How we develop apps that rely on databases in a Kubernetes workflow
Recently, our team has switched to using Kubernetes for all of our hosted services. There are many reasons we decided to start using Kubernetes, but here’s a few of them:
- Ability to write code that is not specific to any cloud provider
- Improved ability to scale based on demand
- Reduced cost compared to existing solution
Furthermore, containerising our applications made us think very carefully about dividing up our application into microservices that are all stateless. This means they can be easily scaled or replaced by Kubernetes without downtime. Stateless code is great, but it’s likely you’ll end up needing to store state somewhere, and that traditionally takes shape as a database. We had a think about databases in Kubernetes and suddenly the story became less clear.
What’s the state of production?
In the past, we’ve always deployed our databases in a cloud-provider’s managed PaaS offering. This was great because we didn’t have to worry about provisioning and mounting disks, managing backups, configuring monitoring, allocating correct amounts of compute or RAM to the underlying machine, etc.
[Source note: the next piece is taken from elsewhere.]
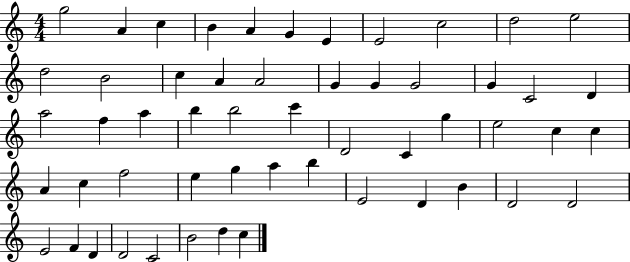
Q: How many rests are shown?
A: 0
However, we asked ourselves if databases made sense in the Kubernetes cluster alongside the rest of the application*. We quickly realised we’d be sacrificing all of the niceties from managed services for the benefit of… well, what? We weren’t really sure what putting our database in a container gave us. Yes, it prevents our reliance on a managed database service, but that was never really a problem anyway since all of our code worked through connection strings. It just so happened that the connection string pointed at a cloud-providers service. To our code, a database is a database — wherever it lives.
Because our team was developing software to validate product/market fit, we quickly decided we didn’t have the capacity or desire to manage all of the backups/monitoring/compute provisioning ourselves. So we settled on using a Kubernetes external service to point to a cloud-providers managed service in production.
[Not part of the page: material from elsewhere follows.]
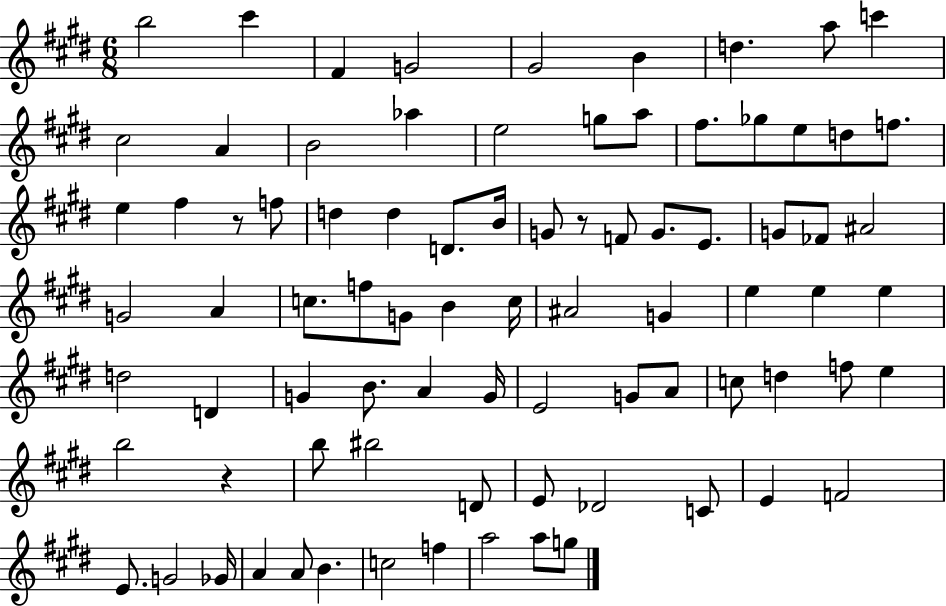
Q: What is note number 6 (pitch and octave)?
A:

During development, we follow the same approach as Kelsey Hightower:
Databases add some extra complexity, though.
We don’t want to make each developer install the required database server on their machine. That makes getting up and running slower and also consumes resources unnecessarily.
PaaS databases weren’t a perfect solution either. You still need to worry about manual operational tasks like creating new databases, rolling back migrations, resetting the database when you do something wrong, etc. There’s also the concern of data size and time constraints. If I want significant amounts of data to replicate production use cases, then copying or generating that data is going to take a long time.
Containers to the rescue?
We decided to investigate if using database containers could solve the problems described above.
On paper it looked great. We could spin up the database server, grab a connection string and connect to it in our development environment. When we were done, we could delete the container and start from scratch again next time.
Trouble in paradise
Spinning up database containers is great to get a development environment up quickly. However there’s an annoying consideration that isn’t usually a problem for applications: state. Here’s a few things we thought about:
- I need my database to start with the schema in place
- I might need some data in there when it starts, to make my development and testing workflow easier
- I might want that data to persist after I stop debugging
- I might want to start from a known-checkpoint with data that is known to reproduce a bug or scenario
- I might want to switch between branches, and I expect my data to stay with the branch so I can come back to it later
- I might want to run some tests on production-like data to make sure that my changes work as expected
- I might want to spin up a database with production-like data to test my latest application changes, and then tear it down immediately afterwards
- I don’t want any of these operations to take a long time
- I don’t want to take up GBs of space on my local machine
Some of these things can be solved easier than others. Initialising the schema can be done with manual scripts or automated tools as part of the container start-up process (this can be achieved with jobs in Kubernetes, for example). Persisting the data after stopping debugging is easy if you don’t restart the container every debug cycle, or if you use mounted volumes (although you’re not starting from a baseline each time you debug, as is the case for applications).
What about switching branches and production-like data? You might be able to achieve some of this with extra effort involving writing your own scripts or provisioning system.
But suddenly you’re using your time to solve a database development problem, instead of whatever business problem your application as a whole is designed to solve.
This is perhaps best expressed by Sarah Wells from the Financial Times at KubeCon 2018 EU, when discussing why they moved to Kubernetes from their own in-house systems:
“The FT is not a cluster orchestration company, we are a news organisation. And that’s where we should focus our innovation.”
Bridging the gap
We believe that development shouldn’t be blocked by the database. Containers go some way to solving this problem, but the issue of state still gets in the way.
In the Foundry team at Redgate, we’ve felt the pain of this frequently enough that we decided to investigate how we might solve these problems. The solution is starting to take shape in what we’re calling Project Spawn. With Project Spawn, we’re able to provision database environments with data rapidly. We don’t have to worry about allocating huge amounts of disk space locally, or worry about installing database servers anywhere. We define a database environment via a config file, and request it using the command line.
Do you recognise any of the problems discussed in this article? How are you solving them right now? How much time and energy do you spend working on these issues?
We’d love to talk to you. Leave a comment on this post, or contact email@example.com if you’d like to speak with us directly. We’re working with a group of people to validate Project Spawn, so if you’d like to get involved then get in touch!
*Using StatefulSets and Persistent Volumes in Kubernetes makes this much easier. However, we feel it is still more cost and time effective to use a managed database PaaS offering, dedicating the time you save to building your app which solves the core business problem. Until Kubernetes can offer feature parity with existing database PaaS offerings, we think databases are best placed outside the cluster.